# Anyone consider wood flooring to their trunk?



## Dave 20T (Apr 7, 2013)

Many years ago, I saw a Saab that had, from the factory, a real wood trunk floor. The top was covered by thick cloth but, if removed, you could see the bottom was wood grain and painted black.

Recently, I got an approximately 24" x 18" wood sample (60 cm x 45 cm). Actually it was laminate flooring so it feels and looks like wood but is actually just a layer on top of pressed wood particles. If one got several such panels, one could connect three of them and trim it so it fits the floor.

Anyone would want a stained, wood floor of their trunk? I am going to test the sample piece in my trunk to see if I like it.


----------



## M5Fed (Sep 7, 2014)

What??!!!


----------



## Dave 20T (Apr 7, 2013)

See photo.

This wouldn't work in the passenger cabin because the floor is not flat but it could work in the trunk.










I am not considering granite or marble flooring in the trunk. :yikes:


----------



## Road (Mar 27, 2015)

Uhmmmmm, why? :dunno:
Paul


----------



## Dave 20T (Apr 7, 2013)

..because I want to try it.

I'm not suggesting gluing wood paneling to the doors and side of the car!


----------



## Autoputzer (Mar 16, 2014)

I got some poly-something foam, about one-inch thick, that we were throwing out at work. I cut several pieces to match the footprint of the trunk in my Nissan. Then I cut out a footprint for the large, plastic tool box I carried. The one inch indent was enough to keep it from moving around. That worked so well, I made another cut-out for my small ice chest. Being a Florida *******, I never leave the house for any length of time without an ice chest.

My BMW's haven't had spare tire holes, so the spares now take up most of my trunk space. I've found a smaller Craftsman compact tool box that fit around the spare:

http://www.craftsman.com/craftsman-...p-00965117000P?prdNo=8&blockNo=8&blockType=G8

Mine (I have one in each car) are 22" long, but they don't make them anymore.

My E46 had a reversible trunk floor covering: carpet on one side, rubber on the other. The F10 is a step backwards in not having that.


----------



## z3jeff (Oct 20, 2014)

Sounds different. What could it hurt in the trunk. Post pictures if you do it.


----------



## M5Fed (Sep 7, 2014)

Oh please don't !!!


----------



## Dave 20T (Apr 7, 2013)

M5Fed said:


> Oh please don't !!!


I am having second thoughts, mainly because it requires a fair amount of work to trim the laminate boards to the shape of the trunk. Furthermore, the flat part is just the middle of the trunk so you would have a tan wooden middle, black sidewalls and a black strip of carpet on the area of the trunk that is not flat.
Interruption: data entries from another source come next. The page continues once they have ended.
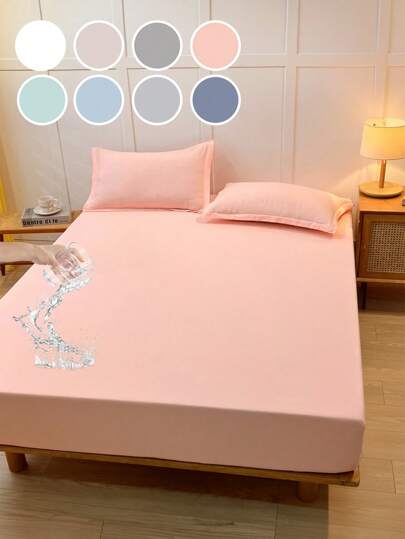 2/3pcs Waterproof Bedding Set, Soft & Comfortable Bedroom Bedding, Solid Color Bed Sheet Set, Fitted Sheet, Suitable For Double/Queen/King Size Bed, Ideal For Bedroom, Dorm (1pc Fitted Sheet And 1/2pc Pillowcase)
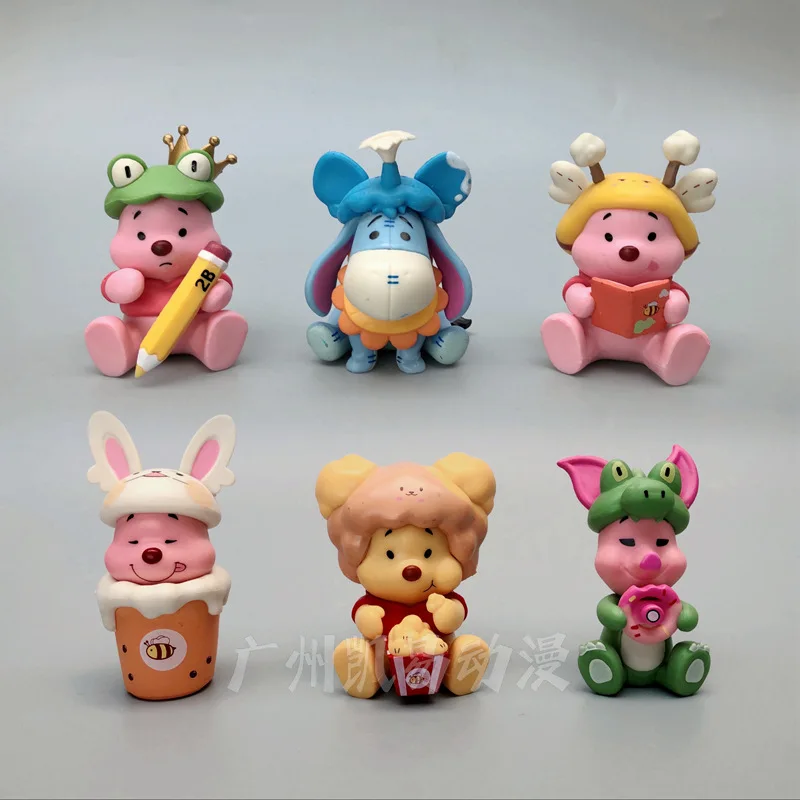 Disney Piglet Doll Model Cartoon Winnie The Pooh Eeyore Action Anime Figures Model Cute Toys Desktop Car Room Ornaments Gifts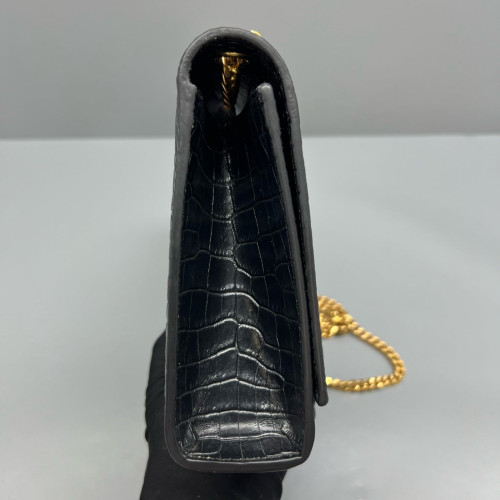Yves Saint Laurent Medium Kate Crossbody Bag Calfskin Crocodile Embossed Black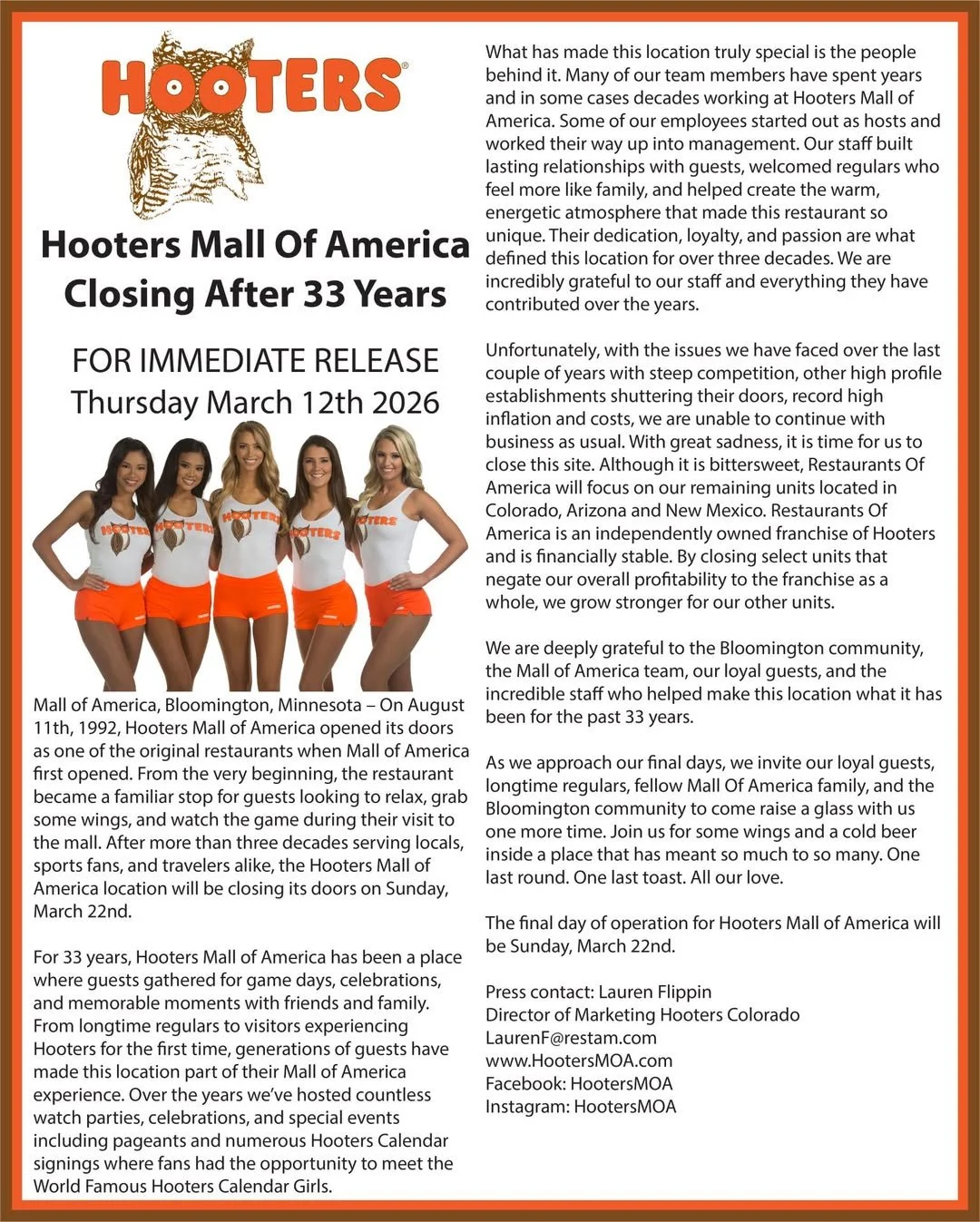 Hooters at Mall of America to Close After 33 Years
That doesn't match.

Another problem is it may be noisy as things tap dance on the hard surface.

I'm going to try putting that floor sample so there's just one area of wood.

Anybody think of a leather trunk, alligator skinned trunk, or use a mink coat to have a mink lined trunk? Straight outta Munich?!


----------



## MeNoo (Jun 22, 2014)

I like it in those show car style golfs, but I don't know about it in a sedan.


----------



## Road (Mar 27, 2015)

Dave 20T said:


> I am having second thoughts, mainly because it requires a fair amount of work to trim the laminate boards to the shape of the trunk. Furthermore, the flat part is just the middle of the trunk so you would have a tan wooden middle, black sidewalls and a black strip of carpet on the area of the trunk that is not flat. That doesn't match.
> 
> Another problem is it may be noisy as things tap dance on the hard surface.
> 
> ...


You're over thinking this.... just put some hydraulics in the trunk and be done and be different. You'll likely have one of a kind! :bigpimp:

https://www.youtube.com/watch?v=RUJGml0cKYo

Paul


----------



## M5Fed (Sep 7, 2014)

While you're at it, add the kitchen sink too!


----------



## need4speed (May 26, 2006)

Too many leaks or water issues


----------



## mark_m5 (Sep 16, 2006)

The question you have to ask yourself is, would it make your wife happy? 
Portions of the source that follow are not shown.